Land a repo-owned spatial-query engine and keep the vendored DataFrame-level join assembly.

This means:

  • the repo-owned spatial-query engine defines how future GPU-friendly query, dwithin, and bounded-nearest work should be staged

  • regular-grid, axis-aligned rectangle polygon indexes may register an explicit GPU point-query specialization instead of paying the generic bbox-tiling cost

  • vendored SpatialIndex stays on STRtree by default for current host execution because the owned host path is not yet performance-competitive

  • sjoin continues to rely on vendored _frame_join(...) so suffixes, index restoration, and geometry-column rules stay GeoPandas-compatible

  • dwithin uses distance-expanded bounds as the coarse pass, then exact shapely.dwithin on the compacted candidate set

  • bounded nearest uses exact-distance reduction over compacted candidates

  • unsupported geometry families fall back to the original Shapely/STRtree path

Query Strategy

The owned engine provides:

  • build and cache a flat spatial index over owned geometry buffers

  • allow the generic flat-index order build to use GPU morton-key sort when the runtime selection explicitly requests GPU execution

  • use bbox candidate generation for scalar and bulk query

  • refine candidate rows with the exact binary-predicate engine

  • support indices, dense, and sparse output formats

For benchmark-style joins where the tree is a regular grid of non-overlapping rectangles and the query side is points, the engine may skip generic candidate generation entirely:

  • detect the regular-grid rectangle layout while building the flat index

  • launch a point-to-cell GPU kernel that emits up to four polygon hits per point for edge and corner cases

  • return polygon row ids directly because point-vs-rectangle intersects semantics match the cell lookup exactly

  • compact duplicate polygon ids before any downstream dissolve/materialization work so repeated point hits do not dominate CPU join assembly

The planned integration seam makes this query stack prefer index-driven coarse filtering where possible and routes point-vs-polygon refinement through the dedicated point predicate pipeline instead of always using the generic binary-predicate path.
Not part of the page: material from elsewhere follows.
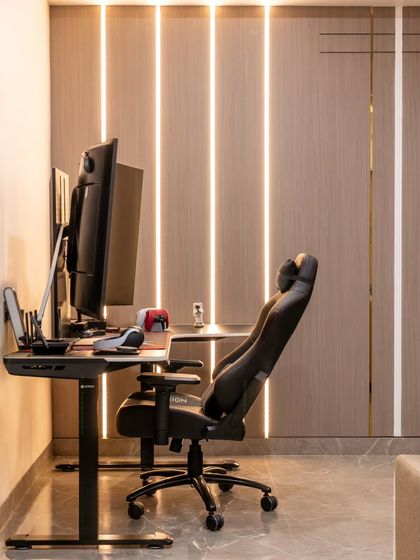 A closer look at the dedicated gaming and work-from-home zone in the multi-purpose living room. We used vertical profile lights set into a paneled wall to create an immersive, futuristic ambiance that can be customized for work or play.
This maps cleanly onto a future GPU/CCCL path:

  • bounds compare: transform-style primitive

  • candidate compaction: DeviceSelect

  • exact predicate refine on compacted rows

  • scatter back into requested output representation

Profile public-path query changes against cached GeoParquet fixtures in .benchmark_fixtures/ before trusting synthetic-only kernel rails. The fixture workflow is the source of truth for host/device traversal because it exercises read_parquet -> sindex -> query through the public GeoPandas surface.

Nearest Strategy

Nearest uses a three-tier dispatch for point-point data:

  1. Zero-copy GPU grid nearest — extracts coords directly from Shapely arrays (bypassing _to_owned), builds a uniform-grid spatial hash on device, and runs ring-expansion search entirely on the GPU. Handles both bounded and unbounded nearest. Falls through for non-point inputs or degenerate grids.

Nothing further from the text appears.